Blogging and my Paper Journal

This morning, I wrote in my paper journal for the first time since November. Hmm.

I've been keeping a paper journal since I was 12--and that doesn't count the tiny journal with a lock that I got sometime in elementary school and waited to have something important enough to say that it would justify being locked away between covers.

There have been years of lesser journaling--grad school, for example, will be the gaping hole which future researchers will have to piece together. Part of why I stopped journaling, of course, is that I had so much other writing and reading to do. Part of it is that I became a bit depressed, and my journaling slipped away, which made me more depressed--a tough cycle to break.

When I first read Julia Cameron's books (my favorite, still, The Realms of Gold), I decided to follow her demand of 3 pages of daily writing. I worried that the daily pages would mean that I didn't write any other pages, but I found that my productivity skyrocketed.
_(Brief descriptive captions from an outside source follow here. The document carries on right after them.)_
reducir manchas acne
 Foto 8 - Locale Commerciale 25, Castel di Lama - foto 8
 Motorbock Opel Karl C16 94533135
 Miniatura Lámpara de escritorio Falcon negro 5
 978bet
Those of you who follow my blog faithfully know that I tend to write almost daily. I write my blog entries as often as I used to write journal entries--on a normal week, 5-7 entries. I just checked, and my average blog entries are about the same size (word count, page count) as those 3 daily pages. So, my writing amount hasn't dropped off.
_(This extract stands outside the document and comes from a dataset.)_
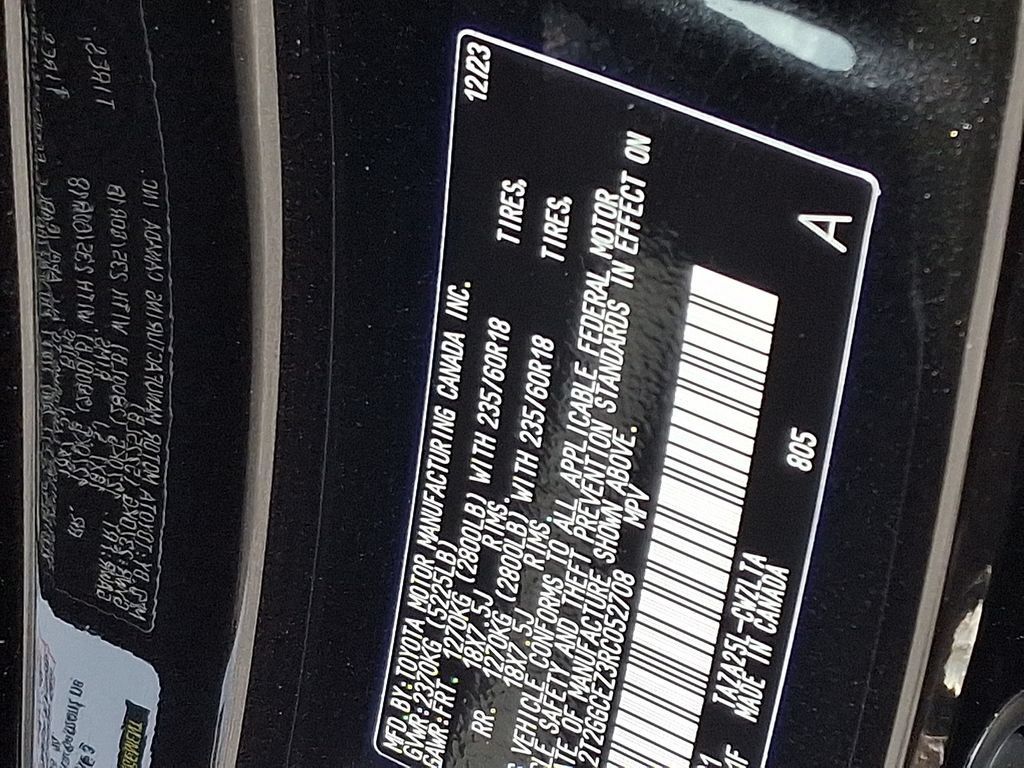 Used 2024 Lexus NX 350 AWD image 29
But my content has changed, obviously. I tend to save my paper journal for the stuff I want to write about which should not be public content. Not everyone shares my sense of boundaries, I admit. But there are work kerfuffles that need to be kept offline, relationship disputes and disappointments that don't need to be shared with the larger world, and I'm always mindful that future employers may read these online pages (although they'd need a lot of time to read everything that's online that has to do with me).
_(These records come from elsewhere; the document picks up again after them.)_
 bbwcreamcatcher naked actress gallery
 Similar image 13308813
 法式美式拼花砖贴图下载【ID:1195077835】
I have spent many years now, even before I started blogging, pondering the implications of our online lives and our offline lives. What will happen if Blogger is ever taken over, and I have to pay to do this? Or pay to get access to my back files? How will future scholars read our blogs (not just the delivery mechanisms, but in terms of how they take into account the public nature of blogs?).

For the first year that I started blogging, I tried to keep my paper journal in addition to blogging. But now I don't. I write what wants to come in any given day. If I have stuff I need to sort out (or I'm away from my computer), it's off to the paper journal. If I want to work on poetry, I do that. I try to blog on a close-to-daily basis, because I feel like I have faithful readers, and I want to keep having faithful readers. And I've found that my blogging often leads my brain to places it wouldn't have otherwise gone, and that leads to poems I wouldn't have written (or preserves ideas for me to cultivate later).

Still, I wonder if by blogging more, and paper journaling less, I'm less in touch with my deepest feelings. Part of me laughs at even thinking about that. I'm middle-aged, and one of the comforts of middle age is that I don't have as many tempestuous feelings that need to be sorted out away from prying eyes. What a relief! And if I find myself with tempestous feelings, the paper journal is always there.